Establishing Proton as a core industrial player of the state will further boost Perak’s chances in attracting major E&E companies from countries like the United States, Germany and Japan to set up factories here.
International Trade and Industry Minister II Datuk Seri Ong Ka Chuan said this is in line with the Government’s plan to address Perak’s need for more high-income jobs and retaining manpower.
Once the new Proton plant is fully operational, it is targeting to manufacture 400,000 cars by 2022, he said.
“With this manufacturing and production capacity, we could create 50,000 more jobs.
“Since the development of many car features is headed towards the electronic and electrical direction, hopefully this will attract more E&E companies into Perak to support our automotive industry,” he told a press conference here.
Ong said E&E topped the list of the country’s export products, raking in RM343bil in profits last year – a 19.2% growth compared to 2016.
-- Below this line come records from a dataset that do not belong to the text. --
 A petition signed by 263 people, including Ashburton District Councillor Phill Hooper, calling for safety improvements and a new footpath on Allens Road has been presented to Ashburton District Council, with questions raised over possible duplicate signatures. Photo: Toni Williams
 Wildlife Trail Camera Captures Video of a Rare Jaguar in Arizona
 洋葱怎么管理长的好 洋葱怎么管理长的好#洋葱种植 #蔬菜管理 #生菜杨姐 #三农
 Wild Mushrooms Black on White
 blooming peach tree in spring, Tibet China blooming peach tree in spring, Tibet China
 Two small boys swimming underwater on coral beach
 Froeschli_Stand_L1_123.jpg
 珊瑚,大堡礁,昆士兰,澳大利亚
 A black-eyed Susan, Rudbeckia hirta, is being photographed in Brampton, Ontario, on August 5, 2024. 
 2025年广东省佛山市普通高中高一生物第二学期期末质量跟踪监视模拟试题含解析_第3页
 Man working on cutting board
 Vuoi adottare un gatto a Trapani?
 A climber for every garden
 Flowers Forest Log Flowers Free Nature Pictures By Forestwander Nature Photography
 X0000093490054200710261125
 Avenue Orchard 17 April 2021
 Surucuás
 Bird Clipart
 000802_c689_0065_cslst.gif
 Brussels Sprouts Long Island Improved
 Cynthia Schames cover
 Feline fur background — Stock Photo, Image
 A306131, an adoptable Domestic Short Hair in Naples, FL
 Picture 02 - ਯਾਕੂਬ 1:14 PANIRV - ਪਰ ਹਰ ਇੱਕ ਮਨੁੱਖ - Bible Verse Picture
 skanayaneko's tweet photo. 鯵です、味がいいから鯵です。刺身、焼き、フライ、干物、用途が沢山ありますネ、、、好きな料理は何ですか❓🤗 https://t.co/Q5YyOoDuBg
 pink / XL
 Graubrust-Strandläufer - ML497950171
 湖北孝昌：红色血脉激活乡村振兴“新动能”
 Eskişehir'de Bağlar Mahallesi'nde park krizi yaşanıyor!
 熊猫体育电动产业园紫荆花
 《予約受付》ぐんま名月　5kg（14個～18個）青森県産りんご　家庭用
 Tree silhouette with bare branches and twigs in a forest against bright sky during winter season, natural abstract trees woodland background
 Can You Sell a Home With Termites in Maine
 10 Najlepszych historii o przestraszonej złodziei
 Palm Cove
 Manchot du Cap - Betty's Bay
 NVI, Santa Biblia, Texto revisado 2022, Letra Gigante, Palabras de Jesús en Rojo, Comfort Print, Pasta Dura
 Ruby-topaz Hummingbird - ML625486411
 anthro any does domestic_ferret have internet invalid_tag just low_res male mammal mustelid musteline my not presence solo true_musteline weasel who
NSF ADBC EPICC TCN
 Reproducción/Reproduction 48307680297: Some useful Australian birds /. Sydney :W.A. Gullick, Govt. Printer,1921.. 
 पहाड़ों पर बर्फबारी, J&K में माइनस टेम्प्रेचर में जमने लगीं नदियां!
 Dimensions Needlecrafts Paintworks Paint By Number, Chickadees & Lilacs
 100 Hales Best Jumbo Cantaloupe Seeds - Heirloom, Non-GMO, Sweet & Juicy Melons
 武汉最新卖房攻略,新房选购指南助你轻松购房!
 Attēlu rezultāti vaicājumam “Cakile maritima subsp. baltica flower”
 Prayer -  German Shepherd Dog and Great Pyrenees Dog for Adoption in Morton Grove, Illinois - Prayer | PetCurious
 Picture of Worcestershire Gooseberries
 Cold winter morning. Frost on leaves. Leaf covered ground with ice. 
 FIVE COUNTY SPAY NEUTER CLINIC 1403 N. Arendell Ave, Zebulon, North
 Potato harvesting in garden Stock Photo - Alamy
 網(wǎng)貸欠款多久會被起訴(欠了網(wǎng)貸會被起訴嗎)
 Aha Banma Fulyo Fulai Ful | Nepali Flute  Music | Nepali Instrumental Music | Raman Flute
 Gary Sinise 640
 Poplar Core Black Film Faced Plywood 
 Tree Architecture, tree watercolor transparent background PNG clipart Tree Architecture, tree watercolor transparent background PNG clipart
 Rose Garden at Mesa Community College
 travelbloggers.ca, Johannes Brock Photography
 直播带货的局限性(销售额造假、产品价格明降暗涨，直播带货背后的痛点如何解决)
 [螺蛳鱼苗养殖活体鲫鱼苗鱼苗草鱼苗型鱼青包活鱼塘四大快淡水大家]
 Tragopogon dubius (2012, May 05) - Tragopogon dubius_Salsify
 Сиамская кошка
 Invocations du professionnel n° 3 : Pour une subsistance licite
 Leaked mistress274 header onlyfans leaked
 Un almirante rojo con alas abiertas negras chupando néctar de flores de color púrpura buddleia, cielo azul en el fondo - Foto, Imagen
“The demand for E&E products is very strong. It can be foreseen that in the next five to 10 years, E&E products will still dominate the market.
“When talking about creating high-income jobs, it is clear that Perak needs to make ample space for the E&E industry,” he said.
Based on recent findings by KTM Bhd, Ong said an average of 120,000 people travelled from Ipoh to Kuala Lumpur daily for work using the Electric Train Service.
“This proves that Perak – especially Ipoh – with its affordable housing, is an ideal place to live in. But we are losing manpower to our neighbouring states because there are not enough job opportunities here,” he said.
Ong pointed out that currently, the state is facing strong competition from Penang and Selangor, as they are the top two states in the country with the most vibrant E&E industry.
“But these two states are already saturated and costs are extremely high there.
“If we could provide attractive incentives to our targeted industry players, we could get them to come in,” he said, adding that all of this would be possible with Proton being the catalyst.
Meanwhile, Ong said there has been a lot of “China bashing” among Malaysians recently, claiming that they are here to colonise the local market.
“People need to know that they have been our No. 1 trading partner as a single country since 2009.
“Back in the days as early as the 1980s, China has also been a major consumer of our agricultural products,” he said.
Today, Ong said E&E products top the list of Malaysia’s top five export products to China, and China accounted for 13.5% of Malaysia’s total exports.
“Without them, our country’s export income would be drastically affected,” he said.